Number of pitchers, pitches, batters faced:
1960 9, 254, 77
2001 6, 267, 71

Yikes.  More pitches in the pitching duel and almost as many batters faced.

Strike outs and walks:
1960 0, 5
2001 23, 1

Bobby Richardson 1960 WS MVP set RBI records
via Wikimedia Commons
OK, this is a bit loaded, given the 41 year gap between the games and devolution of baseball into a slow motion mess culminating with the regime of Allan Huber "Bud" Selig, commissioner of the Major Baseball League (MBL).  It's also a bit unfair to compare a game played by Mickey Mantle and Yogi Berra and one played by ...

The 1960 game ended when Ralph Terry, who had gotten the last out in the 8th inning, gave up a home run to Bill Mazeroski leading off the bottom of the 9th breaking a 9-9 tie.  Left fielder Yogi Berra was the closest fielder to the ball as it landed in the stands.  It was the 24th hit of the game.

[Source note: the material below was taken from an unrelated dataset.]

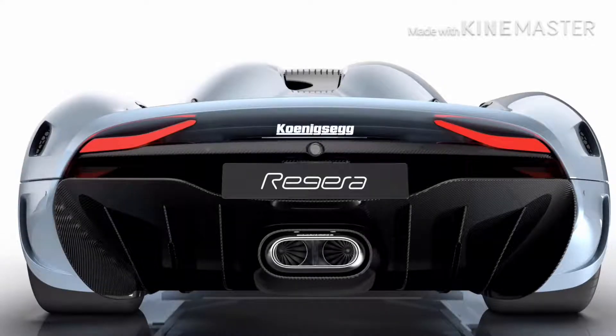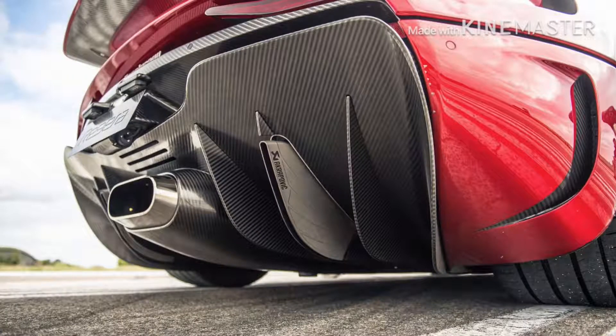This video is going to explain where the Koenigsegg's exhausts are for people who don't know where they are. I want you guys to look closely at this and tell me where the exhausts are. You're probably saying it's the middle, right? Well, no. The thing in the middle is actually not the exhaust.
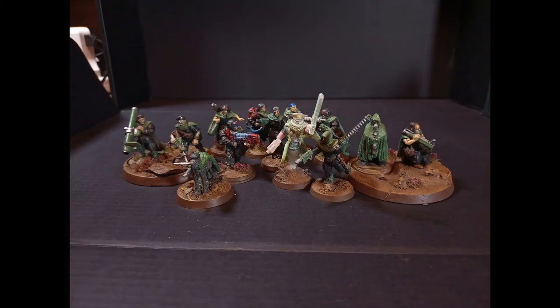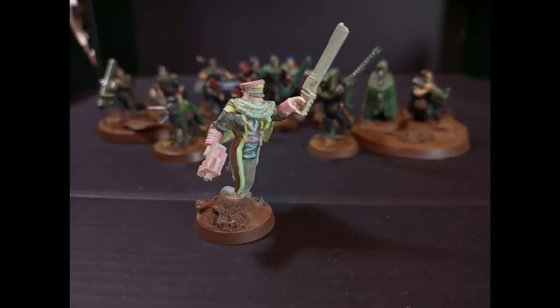Going over to my Tanith First and Only army, I painted quite a few models this month — technically 13, though not all are going directly into the army. One highlight is a pun model: a Ghost Commissar, part of a collaboration with Devic Designs, based on one of his 3D printable files. I added a cloak using a silicon mold, as the model didn't originally have one.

The 2001 game ended when Mariano Rivera was asked to pitch a second inning, having already pitched the 8th.  Rivera retired only one batter in the 9th and that was on an unsuccessful attempt at a sacrifice bunt.  In the 8th and 9th innings Rivera wound up throwing a whopping 28 pitches!  No wonder he got tired.  The winning hit was a bloop single by Luis Gonzalez (57 homers in 609 at bats that season) over the drawn in infield.  Shortstop Derek Jeter was the closest fielder as the ball floated into very short center field.  It was the 15th hit of the game.

Rivera blew both the save and the game in the same inning.  That may be the only time that ever happened in a World Series game seven.  It's certainly the biggest blown save in baseball history.  You live by the 9th inning, you die by the 9th inning.

So which game would you have preferred attending?  That should be a rhetorical question.

2 comments:

Unknown said...

fans prefer close games... fewer runs mean a better chance of a close game.

Kenneth Matinale said...

So what, hockey is more interesting than basketball?